* TASK BRIEF: Copy exactly the lines starting at the one that contains "May include: A" and running through the end of the material below. Exclude any pictures.
(Beginning of INPUT RECORDS)
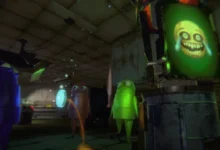 Three small, colorful, armless robot characters stand in a dim workshop looking at a screen displaying a creepy, distorted yellow face.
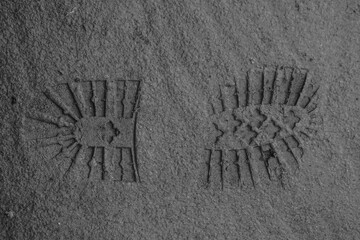 The footprints of a boot are traces of a person on moist soil that begins to dry out from the sun, shoe prints on soft ground, photo during the day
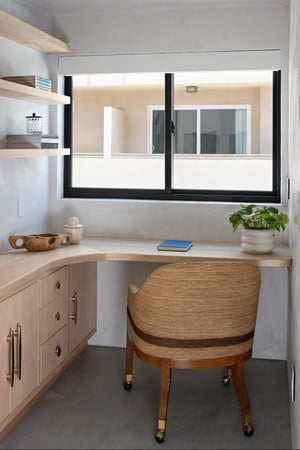 An office space in breegan Jane's home. The room has glider windows.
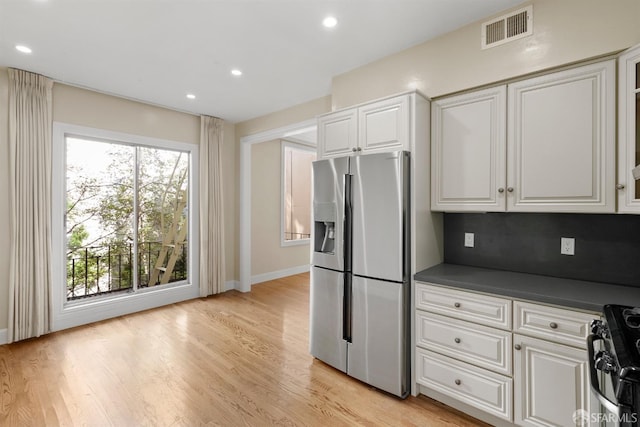 kitchen with visible vents, white cabinets, light wood-type flooring, gas range oven, and stainless steel fridge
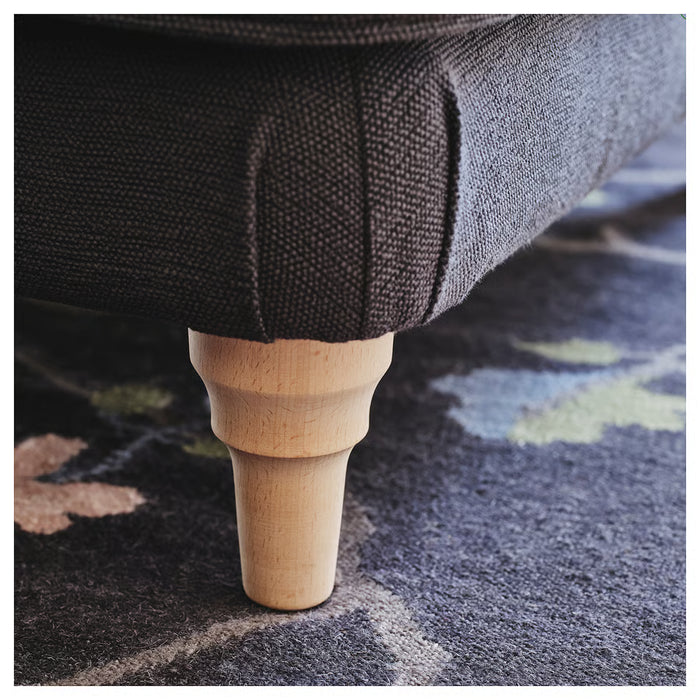 Close-up of a wooden leg of a piece of furniture on a patterned carpet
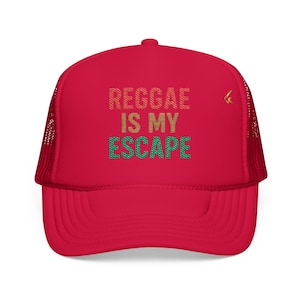 May include: A red trucker hat with the text "REGGAE IS MY ESCAPE" in gold, green, and brown. The hat has a mesh back and a curved brim. A small gold emblem is on the right side.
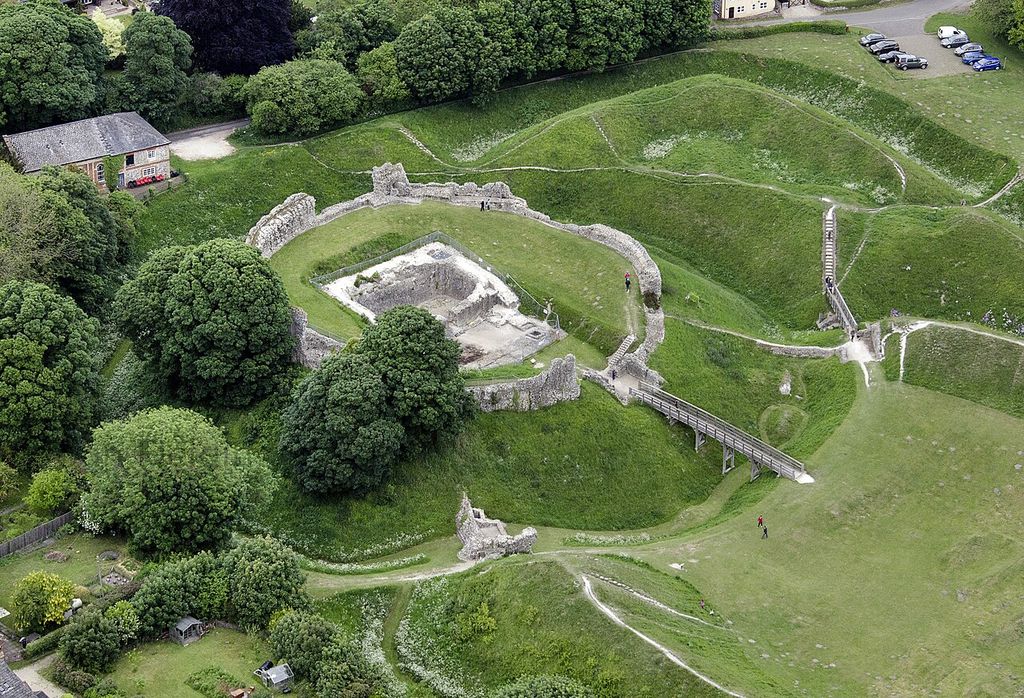 A raised walled enclosure containing ruined buildings is surrounded by deep ditches and grassed courts.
(End of INPUT RECORDS)
* FINAL ANSWER:
 May include: A red trucker hat with the text "REGGAE IS MY ESCAPE" in gold, green, and brown. The hat has a mesh back and a curved brim. A small gold emblem is on the right side.
 A raised walled enclosure containing ruined buildings is surrounded by deep ditches and grassed courts.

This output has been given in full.